Catch-up after Federation Outage (bonus): Catch-up on Synapse Startup (#8322)

Signed-off-by: Olivier Wilkinson (reivilibre) <olivier@librepush.net> Co-authored-by: Patrick Cloke <clokep@users.noreply.github.com> * Fix _set_destination_retry_timings This came about because the code assumed that retry_interval could not be NULL — which has been challenged by catch-up.
author: reivilibre <38398653+reivilibre@users.noreply.github.com> 2020-09-18 14:59:13 +0100
committer: GitHub <noreply@github.com> 2020-09-18 14:59:13 +0100
commit: 36efbcaf511790d6f1dd7df2260900f07489bda6 (patch)
tree: fac270fc29e664d5a967d01c9360ce4e04481ac8
parent: Simplify super() calls to Python 3 syntax. (#8344) (diff)
download: synapse-36efbcaf511790d6f1dd7df2260900f07489bda6.tar.xz
10 files changed, 218 insertions, 5 deletions
diff --git a/changelog.d/8230.bugfix b/changelog.d/8230.bugfix
new file mode 100644
index 0000000000..532d0e22fe
--- /dev/null
+++ b/changelog.d/8230.bugfix
@@ -0,0 +1 @@
+Fix messages over federation being lost until an event is sent into the same room.
diff --git a/changelog.d/8230.misc b/changelog.d/8230.misc
deleted file mode 100644
index bf0ba76730..0000000000
--- a/changelog.d/8230.misc
+++ /dev/null
@@ -1 +0,0 @@
-Track the latest event for every destination and room for catch-up after federation outage.
diff --git a/changelog.d/8247.bugfix b/changelog.d/8247.bugfix
new file mode 100644
index 0000000000..532d0e22fe
--- /dev/null
+++ b/changelog.d/8247.bugfix
@@ -0,0 +1 @@
+Fix messages over federation being lost until an event is sent into the same room.
diff --git a/changelog.d/8247.misc b/changelog.d/8247.misc
deleted file mode 100644
index 3c27803be4..0000000000
--- a/changelog.d/8247.misc
+++ /dev/null
@@ -1 +0,0 @@
-Track the `stream_ordering` of the last successfully-sent event to every destination, so we can use this information to 'catch up' a remote server after an outage.
diff --git a/changelog.d/8258.bugfix b/changelog.d/8258.bugfix
new file mode 100644
index 0000000000..532d0e22fe
--- /dev/null
+++ b/changelog.d/8258.bugfix
@@ -0,0 +1 @@
+Fix messages over federation being lost until an event is sent into the same room.

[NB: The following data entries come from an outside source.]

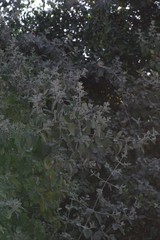 Buddleja dysophylla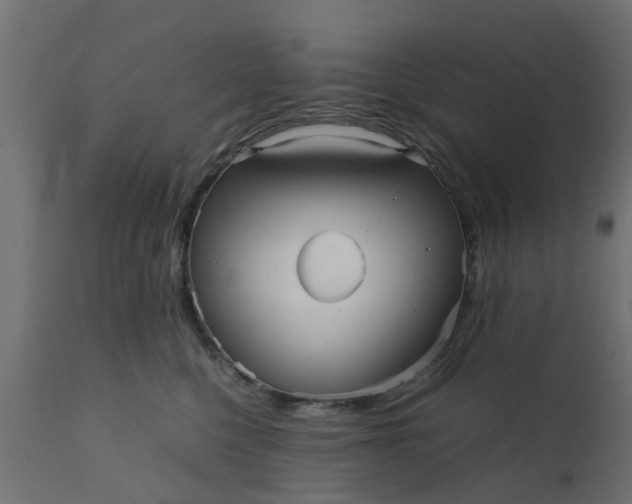 X0000110710568200906261434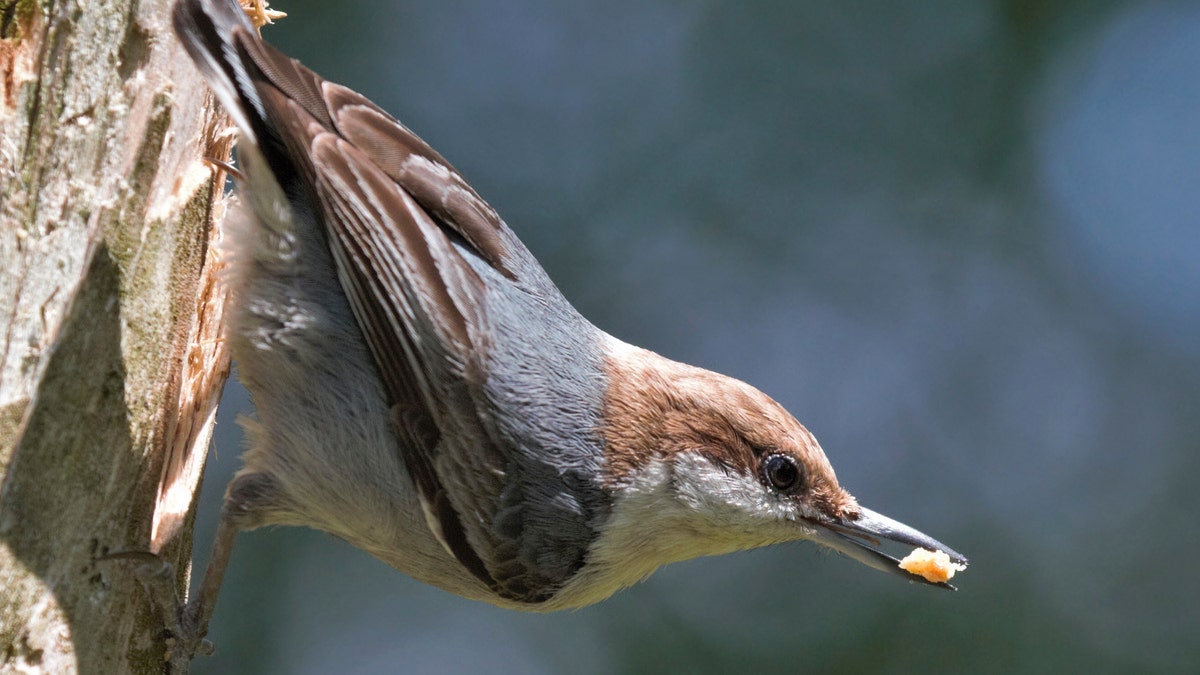 A brown-headed nuthatch bird in North Carolina. An interest in birdwatching has soared nationwide as bored Americans look up from their Zoom meetings or the unemployment website and notice a fascinating world just outside their window. 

diff --git a/changelog.d/8258.misc b/changelog.d/8258.misc
deleted file mode 100644
index 3c27803be4..0000000000
--- a/changelog.d/8258.misc
+++ /dev/null
@@ -1 +0,0 @@
-Track the `stream_ordering` of the last successfully-sent event to every destination, so we can use this information to 'catch up' a remote server after an outage.
diff --git a/changelog.d/8322.bugfix b/changelog.d/8322.bugfix
new file mode 100644
index 0000000000..532d0e22fe
--- /dev/null
+++ b/changelog.d/8322.bugfix
@@ -0,0 +1 @@
+Fix messages over federation being lost until an event is sent into the same room.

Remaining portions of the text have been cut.